# Denton and Sasquatch Podcast #11



## Sasquatch

The end is nigh!

Seems like there is a lot of chaos in the world right now. Are things about ready to explode? We talk about it this week!

Enjoy!

PF show 11 | Hobbies Podcasts | PodOmatic

If you've missed any of our other stellar shows :!: you can find them right here:

http://www.prepperforums.net/forum/books-videos-media-podcasts/35865-denton-sasquatch-podcast-links.html


----------



## Denton

We're doomed; drink up.


----------



## admin

Listening now...


----------



## Denton

It's been quite a while since we have been this close to really, really bad times.


----------



## admin

Excuse me for a bit while I hide my cats... :vs_sad:


----------



## Denton

Cricket said:


> Excuse me for a bit while I hide my cats... :vs_sad:


Stringy, but they are protein.


----------



## Auntie

Divide and conquer. I HATE the word can't, if you think that way then you can't.

I need more liquor. 

As usual, thought provoking and a few chuckles.


----------



## Denton

This podcast is my favorite. We were simply discussing a couple of concepts like a couple of good friends shooting the breeze. It was nice and casual.


----------



## Sasquatch

Bumping the thread for anyone that might have missed it.

Sent from a Galaxy S5 far far away.


----------



## 8301

Great podcast guys but I suspect if we were attacked we as Americans would reconsolidate and fight back as one country. The question then would be do we have the manufacturing ability to supply our military forces through a desperate military action.

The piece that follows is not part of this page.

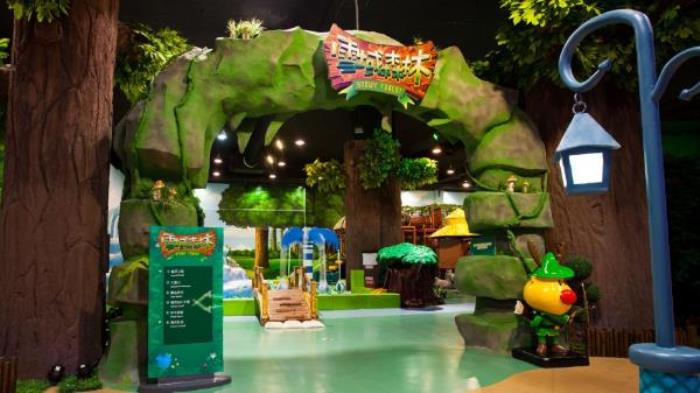 嘉興-伊佳林開心夢工場 嘉興-伊佳林開心夢工場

While I'm not sure about cat I can firmly say dog is very gritty textured meat,,, guess it's a developed taste

Sasquatch, since we now know you have a wife we know she must truly be a wonderful woman who doesn't have a fur allergy.


----------



## Sasquatch

John Galt said:


> Great podcast guys but I suspect if we were attacked we as Americans would reconsolidate and fight back as one country. The question then would be do we have the manufacturing ability to supply our military forces through a desperate military action.
> 
> While I'm not sure about cat I can firmly say dog is very gritty textured meat,,, guess it's a developed taste
> 
> Sasquatch, since we now know you have a wife we know she must truly be a wonderful woman who doesn't have a fur allergy.


I have a wife? This is News to me.


----------



## sideKahr

The NFL was non-profit until a year or so ago, when they opted to begin paying taxes.


----------



## Slippy

sideKahr said:


> The NFL was non-profit until a year or so ago, when they opted to begin paying taxes.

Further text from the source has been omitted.